Famoso ponto turístico na Praia do Forte, a Lagoa Timeantube costumava ser um local para aproveitar a natureza, mas, segundo os moradores da região, isso tem se perdido em meio ao abandono do espaço, que registra alta concentração de vegetação, além de lixo, que divide espaço com a fauna do local em alguns pontos, e possível vazamento de esgoto. O Ministério Público da Bahia (MPBA), em audiência no último dia 27, deu 30 dias para que a prefeitura atualize as questões relacionadas à limpeza do local, que há um ano registrou mortes de peixes e crustáceos, além de manchas escuras e forte odor.
Ontem à tarde, uma placa na entrada da Ponte Klaus Peters, que fica sobre a lagoa, indicava que o local estava próprio para banho, entretanto, era possível ver concentração de plantas conhecidas como baronesas, geralmente presente em locais com altos índices de poluição orgânica e desequilíbrio ambiental.
“A concentração de mato é incrível, mal dá para ver a lagoa. Dois grupos aqui em Praia do Forte falam, reclamam, mas é sempre a mesma coisa. A gente reclama da lagoa (sem preservação), reclama que o pessoal do condomínio fechou o acesso, mas nada funciona”, disse uma moradora que não quis se identificar por medo de represálias.
Segundo o MPBA, foi verificado que a limpeza do local já está prevista no contrato de manutenção da infraestrutura do município de Mata de São João, firmado com a empresa BSN, que disse já ter entrado com o pedido de certificação junto ao Instituto do Meio Ambiente e Recursos Hídricos (Inema), e que já está em verificação.

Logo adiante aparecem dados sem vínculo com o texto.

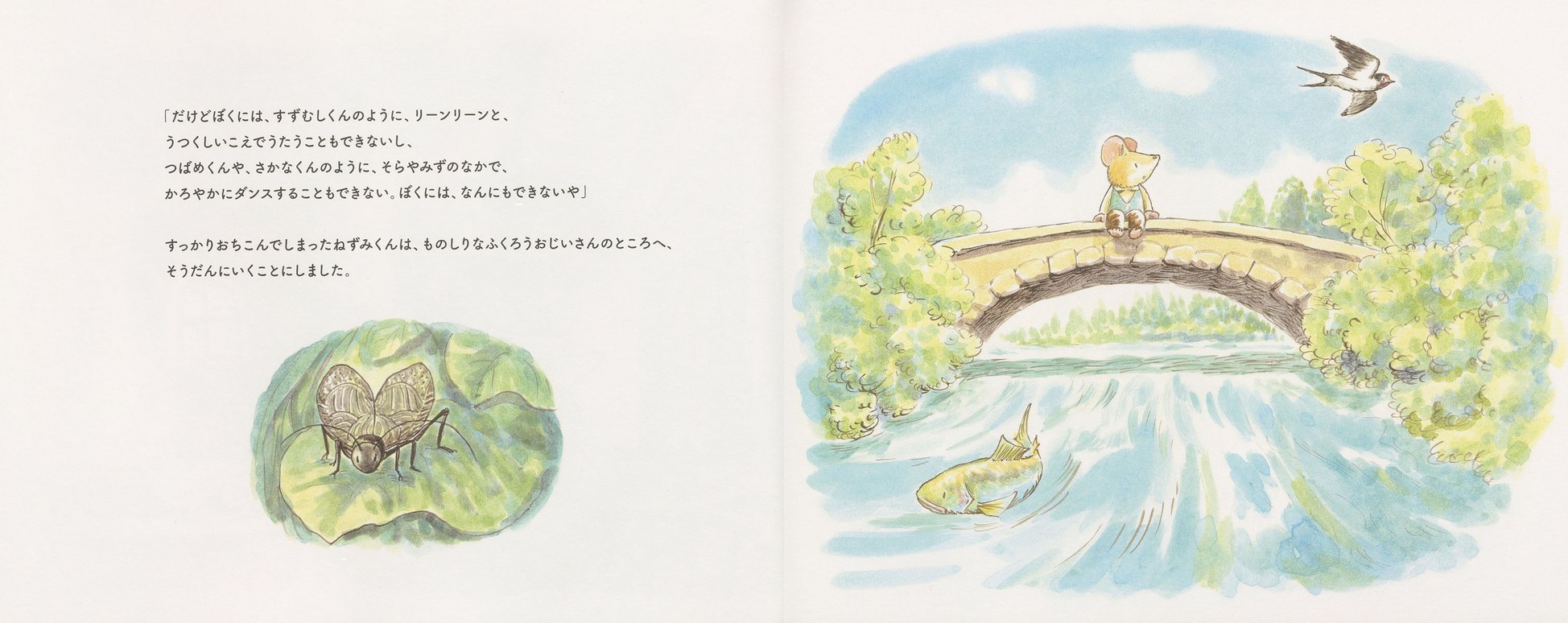 お得お得つばめ様 ご確認用 ぬいぐるみ | blog.connectparts.com.br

No que diz respeito ao monitoramento ambiental, a Secretaria Municipal de Desenvolvimento Urbano e Meio Ambiente (Sedur) elaborou uma minuta, que está em fase de levantamento de orçamentos.
Com a última determinação do MPBA, a prefeitura de Mata de São João, a qual o distrito de Praia do Forte faz parte, tem até o final do mês para atualizar as informações sobre serviços de limpeza.

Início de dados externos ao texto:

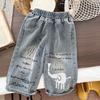 Kids Straight Leg Jeans Boys Girls Fashion Casual Denim Pants Spring Autumn Baby Long Trousers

Em outra frente, o MPBA, a fim de delegar responsabilização, caso assim seja comprovado, deu o prazo de 15 dias à Agência Estadual de Regulação de Serviços Públicos de Energia, Transportes e Comunicações da Bahia (Agerba), para o encaminhamento da cópia do contrato com a empresa Montes, que administra a BA 099 (Estrada do Coco), para verificar se empresa também pode ser responsabilizada.
Na Avenida do Farol, importante ligação com a Estrada do Coco e entre condomínios e resorts, a Lagoa Timeantube fica no Parque Municipal Klaus Peters, que é uma Área de Proteção Ambiental (APA), de proteção permanente, e vem registrando situações semelhantes há pelo menos cinco anos.

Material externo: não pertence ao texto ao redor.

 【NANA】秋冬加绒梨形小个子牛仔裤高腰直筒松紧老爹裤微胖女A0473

“Estamos vendo a vegetação ocupar a sua superfície há, pelo menos, 4 anos e estamos alertando sobre o aumento. Tivemos reunião com o MP sobre possível vazamento de esgoto quando há sobrecarga sobrecarregando a elevatória da Embasa. A lagoa tem periodicamente estudo pelo Inema de sua balneabilidade. Existia uma placa na entrada da Klaus avisando e havia atraso na sua atualização”, afirma Irene Ávila, que está constantemente no local e já denunciou diversas vezes a situação.
No ano passado, há exatamente um ano, a Associação Comercial e Turística da Praia do Forte (Turisforte), em colaboração com outras entidades locais, emitiu um alerta urgente sobre o que classificaram como um “crime ambiental em curso” naquele momento.